EXERCISE OBJECTIVE: Take the line with "Lila Gingham Pattern Fleecedecke (Ecke)" as the first and the last line of the data as the end. Write out both and every line between exactly, except pictures.

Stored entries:
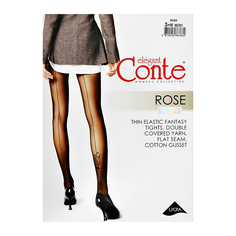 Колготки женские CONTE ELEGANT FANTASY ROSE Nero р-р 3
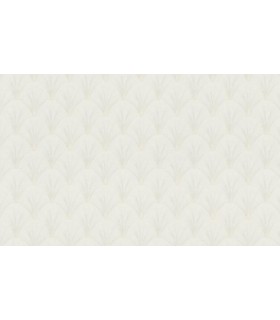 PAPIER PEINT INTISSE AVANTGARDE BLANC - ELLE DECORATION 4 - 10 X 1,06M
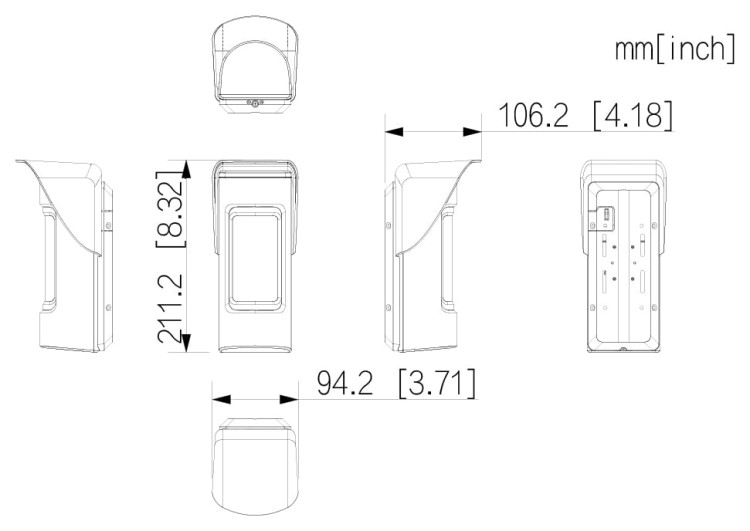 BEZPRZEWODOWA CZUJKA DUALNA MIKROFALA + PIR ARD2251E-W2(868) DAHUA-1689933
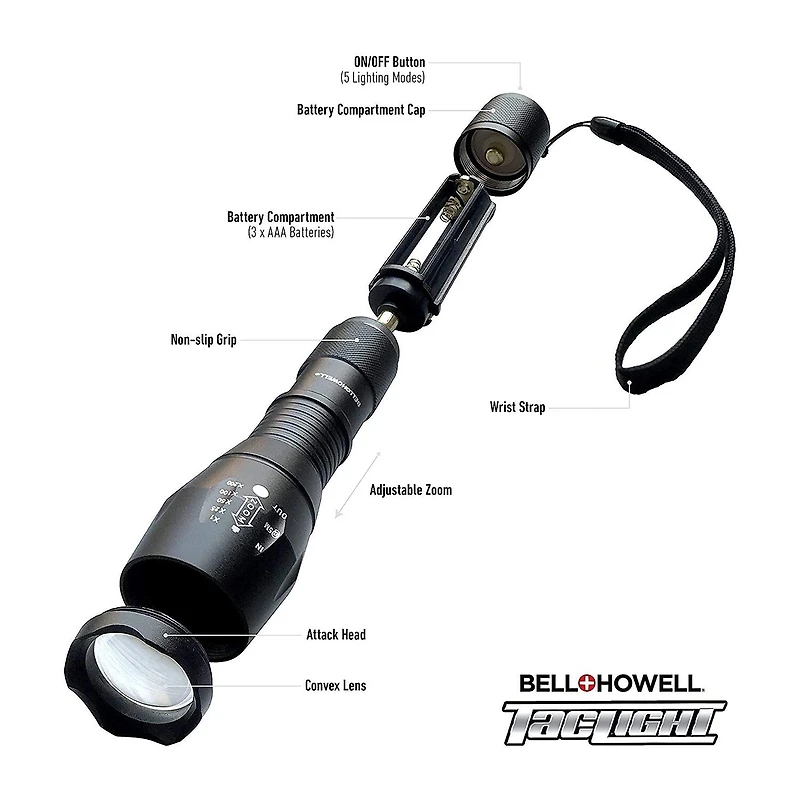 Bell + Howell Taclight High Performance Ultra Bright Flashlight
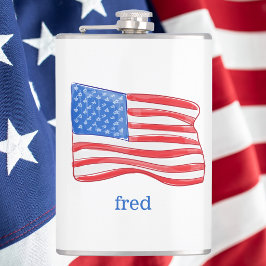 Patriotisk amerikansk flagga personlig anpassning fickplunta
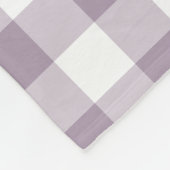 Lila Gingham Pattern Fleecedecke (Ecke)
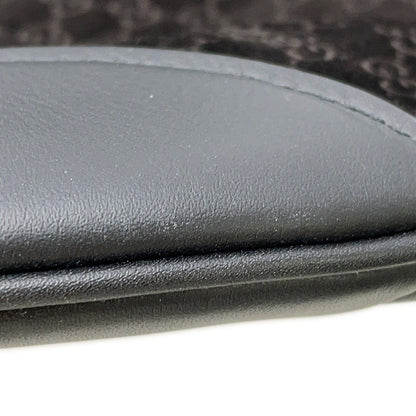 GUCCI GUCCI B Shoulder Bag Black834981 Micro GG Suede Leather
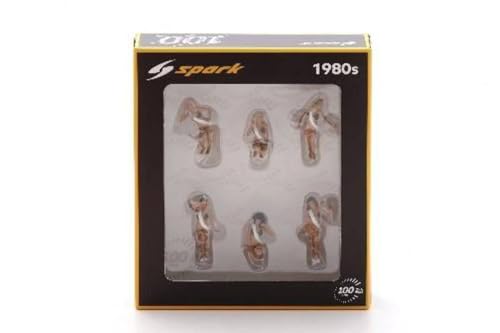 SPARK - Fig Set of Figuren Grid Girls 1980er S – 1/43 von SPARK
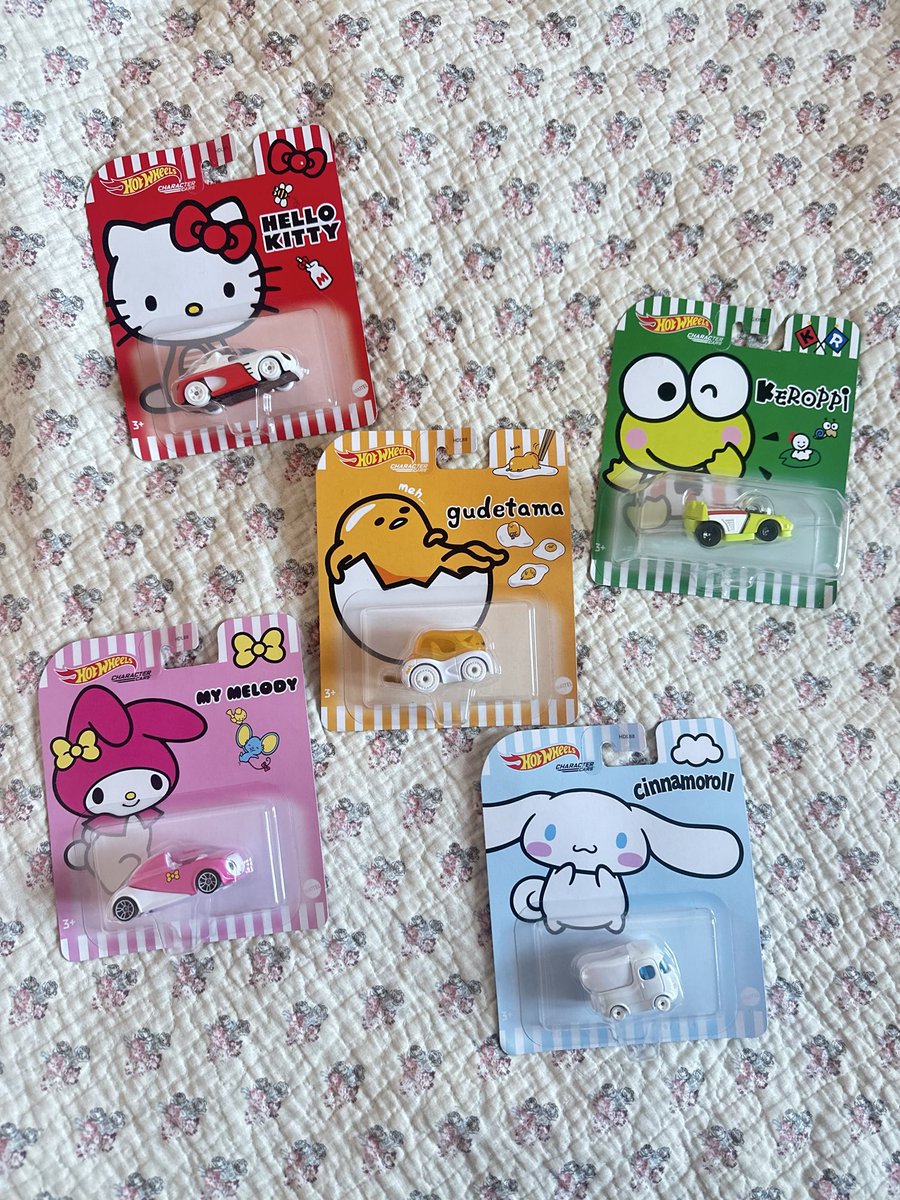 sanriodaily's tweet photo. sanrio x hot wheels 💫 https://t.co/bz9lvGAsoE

EXERCISE RESPONSE:
 Lila Gingham Pattern Fleecedecke (Ecke)
 GUCCI GUCCI B Shoulder Bag Black834981 Micro GG Suede Leather
 SPARK - Fig Set of Figuren Grid Girls 1980er S – 1/43 von SPARK
 sanriodaily's tweet photo. sanrio x hot wheels 💫 https://t.co/bz9lvGAsoE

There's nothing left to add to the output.